Variables that can affect the price
Bitcoin saw a price spike as Goldman Sachs conducted a client call on the topic of Bitcoin, gold and inflation. The talk of one of the biggest investment banks in the U.S. discussing the dominant cryptocurrency with its clients led to increased anticipation of further institutional adoption. But on the slide presented to clients, Goldman Sachs reaffirmed its neutral stance on Bitcoin. The slide titled “Cryptocurrencies Including Bitcoin Are Not an Asset Class” read:
“We also believe that while hedge funds may find trading cryptocurrencies appealing because of their high volatility, that allure does not constitute a viable investment rationale.”
Goldman Sachs simply said that Bitcoin does not show evidence of being a hedge against inflation and that the only appeal to institutions is its volatility. Barry Silbert, the CEO of Digital Currency Group and Grayscale, said: “Just reviewed the slides from the Goldman client call later this morning re gold & Bitcoin. This slide header summarizes Goldman’s take.”
The actual content of the presentation by Goldman Sachs about Bitcoin and gold does not describe Bitcoin in a way that would invite the bank’s clients to trade or invest in the asset.

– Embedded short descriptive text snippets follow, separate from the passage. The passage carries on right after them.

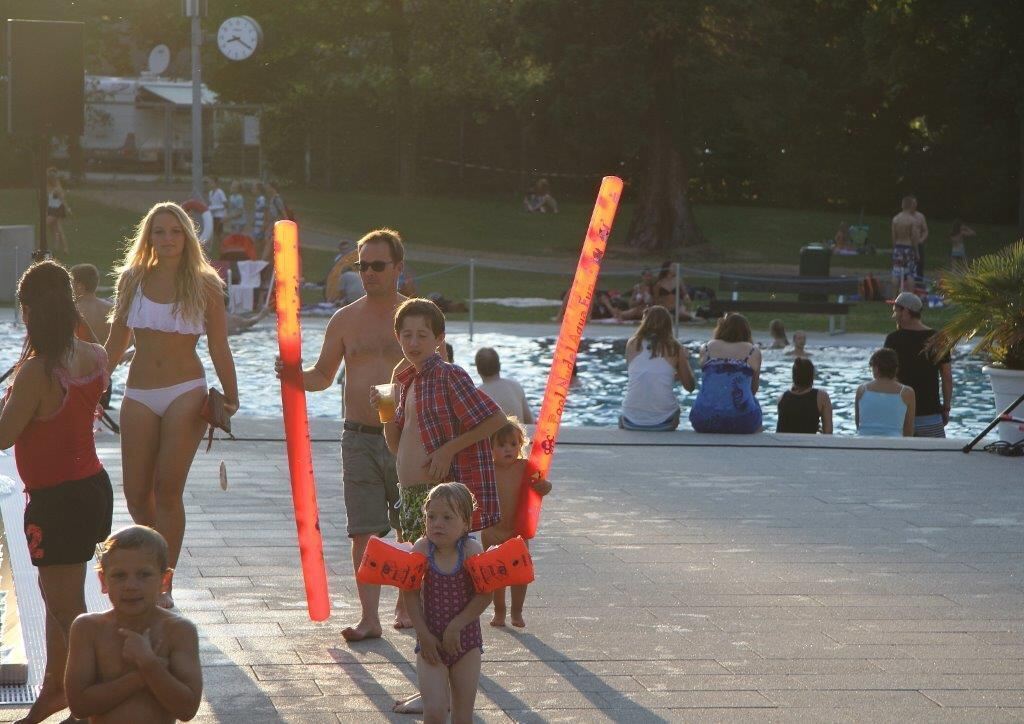 DLRG Poolparty im Pfullinger Freibad 2015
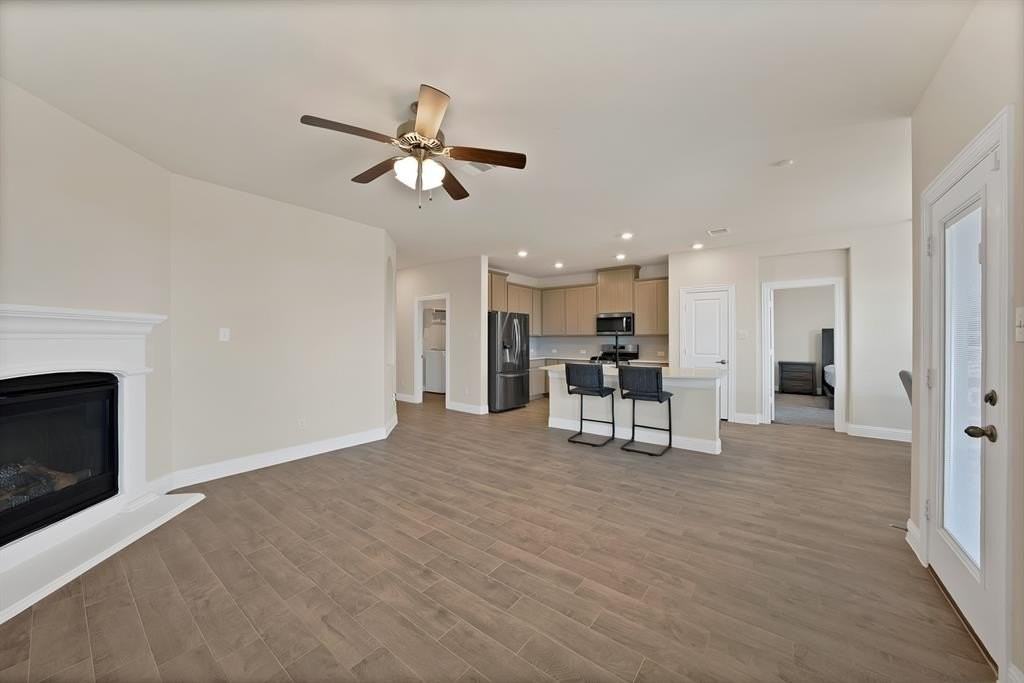 10401 Table Bluff St - Photo 5 of 25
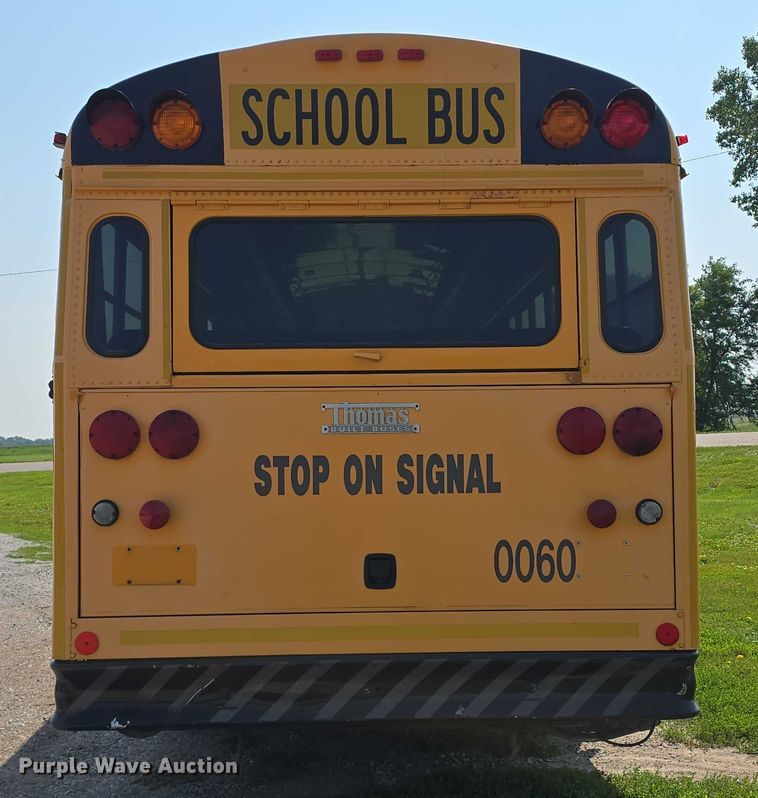 image for item DT6911 2000 Thomas Built Saf-T-Liner school bus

Hence, the narrative that it would lead more high-net-worth individuals and institutional clients to perceive Bitcoin as a hedge against inflation is false.
Other than that, there are several other minor variables such as miners selling more BTC than they mine on a daily basis post-halving and the increase in the open interest of the Bitcoin futures market that may fuel additional selling pressure.